Aim of the exercise
The answer must consist solely of the line that contains "A Story About" and all subsequent lines of the data, each reproduced exactly.

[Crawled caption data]
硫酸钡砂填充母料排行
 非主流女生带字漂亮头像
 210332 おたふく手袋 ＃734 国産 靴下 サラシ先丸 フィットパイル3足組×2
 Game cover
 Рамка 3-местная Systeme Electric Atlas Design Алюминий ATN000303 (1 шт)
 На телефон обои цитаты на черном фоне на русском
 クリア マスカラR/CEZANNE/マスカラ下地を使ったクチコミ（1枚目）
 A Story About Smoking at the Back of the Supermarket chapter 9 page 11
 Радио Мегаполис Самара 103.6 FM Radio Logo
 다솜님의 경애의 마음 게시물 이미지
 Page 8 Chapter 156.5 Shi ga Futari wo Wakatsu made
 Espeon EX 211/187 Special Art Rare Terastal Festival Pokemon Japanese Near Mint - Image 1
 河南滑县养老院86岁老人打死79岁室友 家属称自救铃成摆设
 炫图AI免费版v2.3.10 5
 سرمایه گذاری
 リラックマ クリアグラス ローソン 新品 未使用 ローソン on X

Written response
 A Story About Smoking at the Back of the Supermarket chapter 9 page 11
 Радио Мегаполис Самара 103.6 FM Radio Logo
 다솜님의 경애의 마음 게시물 이미지
 Page 8 Chapter 156.5 Shi ga Futari wo Wakatsu made
 Espeon EX 211/187 Special Art Rare Terastal Festival Pokemon Japanese Near Mint - Image 1
 河南滑县养老院86岁老人打死79岁室友 家属称自救铃成摆设
 炫图AI免费版v2.3.10 5
 سرمایه گذاری
 リラックマ クリアグラス ローソン 新品 未使用 ローソン on X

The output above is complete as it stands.